Humpty Dumpty gets whacked

Jasper Fforde returns with `The Big Over Easy,' an eccentric detective story involving nursery rhyme favorites

By Joe Gross  /  NY TIMES NEWS SERVICE

The Big Over Easy
By Jasper Fforde
400 pages
Hodder & Stoughton Ltd

Like his countryman and comic antecedent Douglas Adams, Jasper Fforde writes the kind of novels that inspire hardcore, slavish devotion.

How slavish? How hardcore? Well, the 44-year-old writer's debut novel, The Eyre Affair, sports more than 200 reader reviews at Amazon.com -- a hefty number for an absurdist fantasy starring a time-and-book-hopping "literary detective" named Thursday Next. Then there's the "Fforde Ffestival" on Sept 16 and Sept 17 in Swindon, England, a celebration and exploration of Fforde's work organized by "Fforde ffans."

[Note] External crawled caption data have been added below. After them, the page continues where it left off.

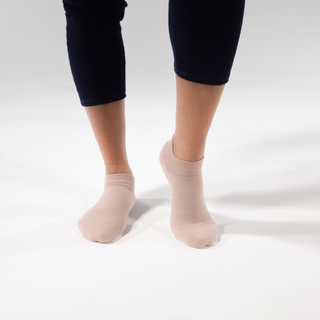 Woman wearing Apolla Performance no-show compression socks for low-profile support and improved circulation.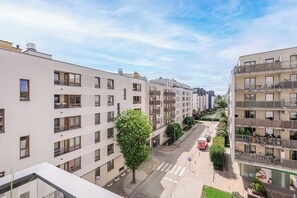 Un edificio residencial de varios pisos con balcones, una calle peatonal y un árbol en primer plano.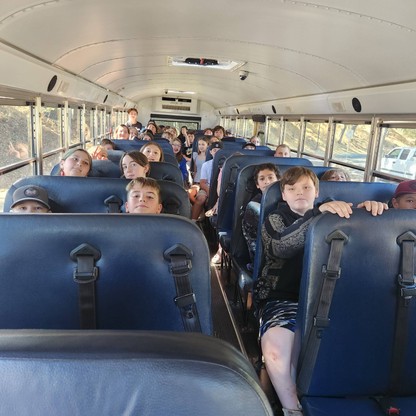 Junior high students sit in a school bus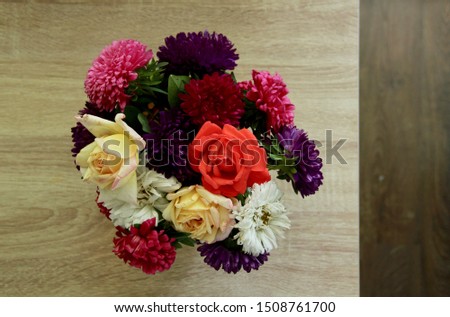 Beautiful floral bouquet of fresh different flowers on wooden table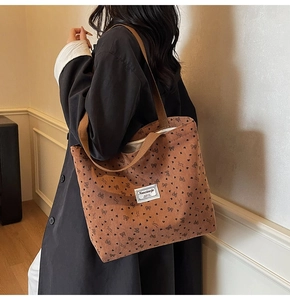 Detail of brown corduroy tote bag with black heart and bow prints and brand label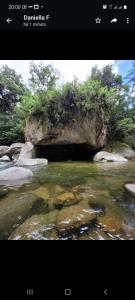 a picture of a river with rocks and trees at Pousada Camping dos Ypês in Guapimirim
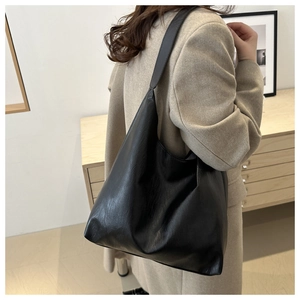 Detail view of large black glossy tote bag showing textured faux leather and modern hobo silhouette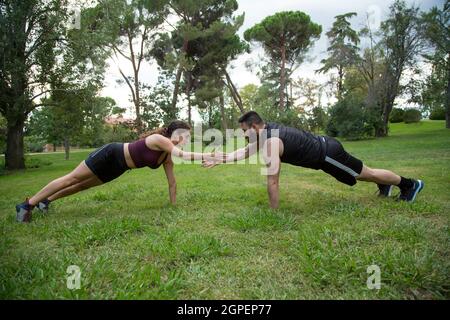 felice giovane uomo e donna caucasica coppia praticare push-up e high-fives all'aperto Foto Stock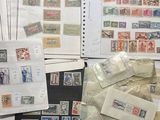 many different types of stamps on a table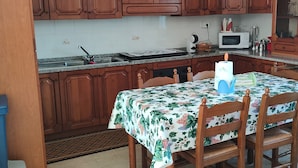 Une cuisine avec des meubles en bois, une table à manger recouverte d’une nappe à motifs floraux et un four à micro-ondes.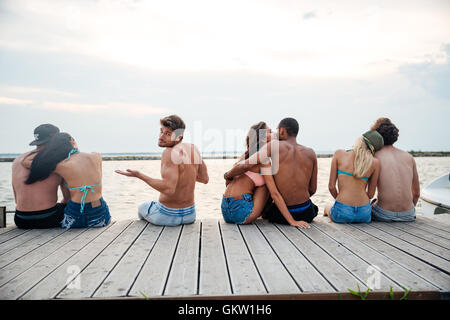 Sad confused young man sitting between happy hugging couples on pier Stock Photo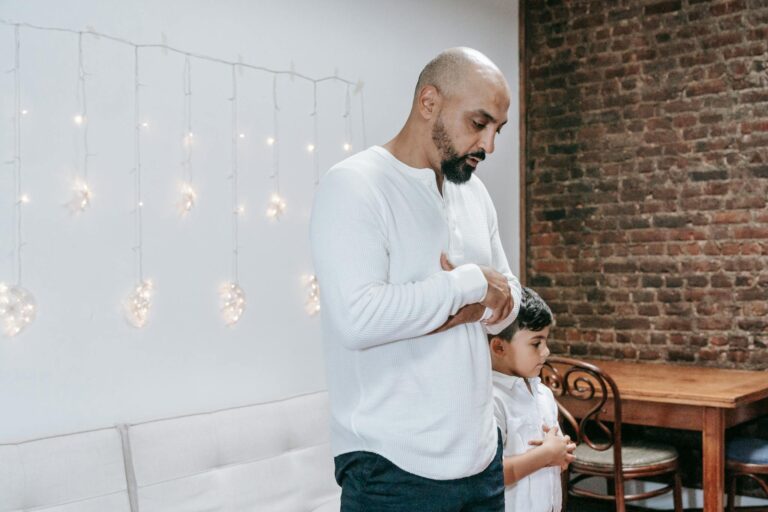 Father and child in thoughtful prayer indoors, beneath gentle string lights.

Fforde, who left a 20-year career as a film and television camera technician to write what have become wildly successful novels, including the Thursday Next series, seems nevertheless genuinely flattered by the attention.

"This is the first (festival), and much to my surprise, it sold enough tickets to go past the break-even point," Fforde says. "I think it's less of an homage to me than lots of similar people getting together to talk about something they like." And, yes, he'll be there.

After all, Fforde ffans have a new world to explore with the release of The Big Over Easy, the first book of a brand-new "nursery crime" mystery series.

The main character, Jack Spratt (whose first wife died from eating no lean), is a detective in the Nursery Crimes Division of the Reading Police Department. His ever-contrary partner is Mary Mary, and they are investigating the mysterious passing of a one H Dumpty.

The Big Over Easy is actually Fforde's first book. Back in 1994, it was called Who Killed Humpty Dumpty?

"It was roundly rejected by everybody," he says. When it was time for a new book last year, Fforde offered to dust off Humpty and revise it.

This proved more difficult than it first seemed. "There are almost no rules and few logical constraints within the four Thursday novels -- almost anything can happen -- but Over Easy is a traditionally plotted crime thriller," one that futzes around with the conventions invented by classic sleuths such as Sherlock Holmes and Agatha Christie.

"This book comes out of the time when detective stories were more like crossword puzzles," Fforde says. "It plays with those cliches: Every library had a body in it; people are only murdered in exceptionally complicated ways; all murderers are brilliant except for leaving one tiny little clue for the detective to pick up on."

Given the generic traditions of these sorts of mysteries, a certain tone needed to be struck. "What I wanted was, nursery rhyme characters live in Reading, but it's just totally normal, terribly ordinary and domestic." Fforde says. "When the characters treat the world as ordinary, it makes the bizarre seem ordinary. All good stories are about people; that's where the drama is."

But his books are so dense with references, jokes and subversions of literary tropes that it seems obvious Fforde studied literature in college. Fforde laughs out loud at the suggestion.

"Oh, heavens no, I didn't go to university," he says, "I failed my A-levels (the exams that allow British high school students to move on to the next level). I read a great deal, listened to radio plays, watched lots of TV. I learned storytelling by osmosis, I think. See, I had wanted to join the film industry in some capacity since I was 10, so that's all I cared about."